As a partial "workaround" we had (and still have) GuardGrouping (=true) setting to produce exception for such queries because it is quite easy to write such query without noticing it will not translate well to SQL.

With current release where we migrated such queries handling from legacy approach to eager load mechanism where Linq To DB tries to load requested data effectively with few if not one query.

There are couple of side-effects:

  • as mentioned above we removed connection cloning API used only by old GroupBy implementation
  • there is a behavior change to GuardGrouping guard. We still have it in place in cases you don't want to have unexpected eager load from your queries, but we discovered that old guard implementation was actually faulty and failed to fire in some cases. This means you could start getting exceptions from queries that should have failed before but "worked" due to bad validation.

Changes to order by entity behavior

Previously for queries with code like .OrderBy(entity => entity) we produced ORDER BY over primary keys. From now on it will generate sort over all entity columns. If you used such ordering code, we would recommend to replace it with explicit ordering over specific fields.

Note that such code is higly discouraged anyways as column order (for entities with more than one column or composite primary key) in ORDER BY expression here is not defined in general and could depend on column order in your source code or even on version of used runtime.

Column nullability tracing

We greatly improved tracing of nullability for translated code which could result in some rare cases in removal of unnecessary IS [NOT] NULL predicates (or addition of missing before).

Imrovements to sub-queries and JOINs

Ineffective ORDER BY removal

ORDER BY clause is not generated on sorted sub-query if it doesn't use it actually:

  • sub-query has no paging options
  • sub-query don't use window functions
Better JOINs optimization

We've made some improvements to JOIN optimization logic which helps to detect and remove more unused JOIN clauses.

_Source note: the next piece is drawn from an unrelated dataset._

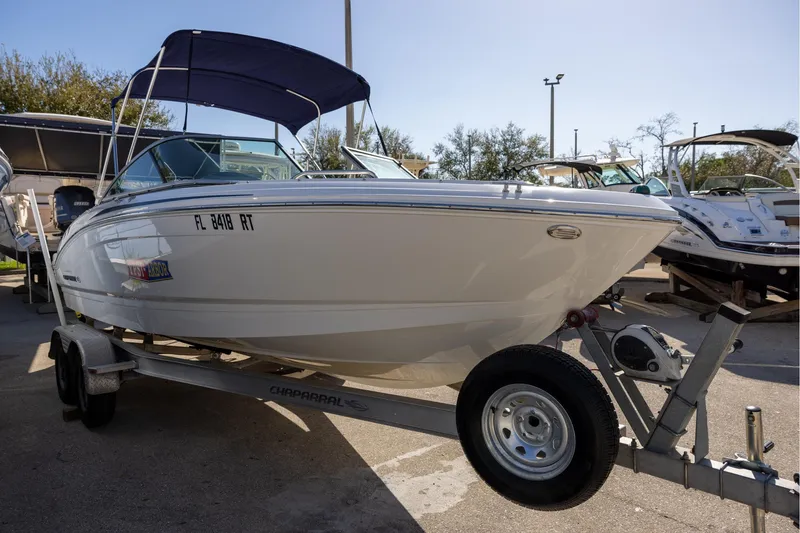 Slide: The Image of 2018 Chaparral 21 H2O Sport OB boat on trailer, parked outdoors. - 4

Wider LATERAL/APPLY JOINs use

Linq To DB uses LATERAL/APPLY joins and window functions to generate more effective SQL in many places for databases that support such functionality. E.g. of such code could be translation of First/Single|OrDefault subqueries in projections.

Required functionality is enabled for supporting databases where it was missing. For more details check notes on specific database support changes below.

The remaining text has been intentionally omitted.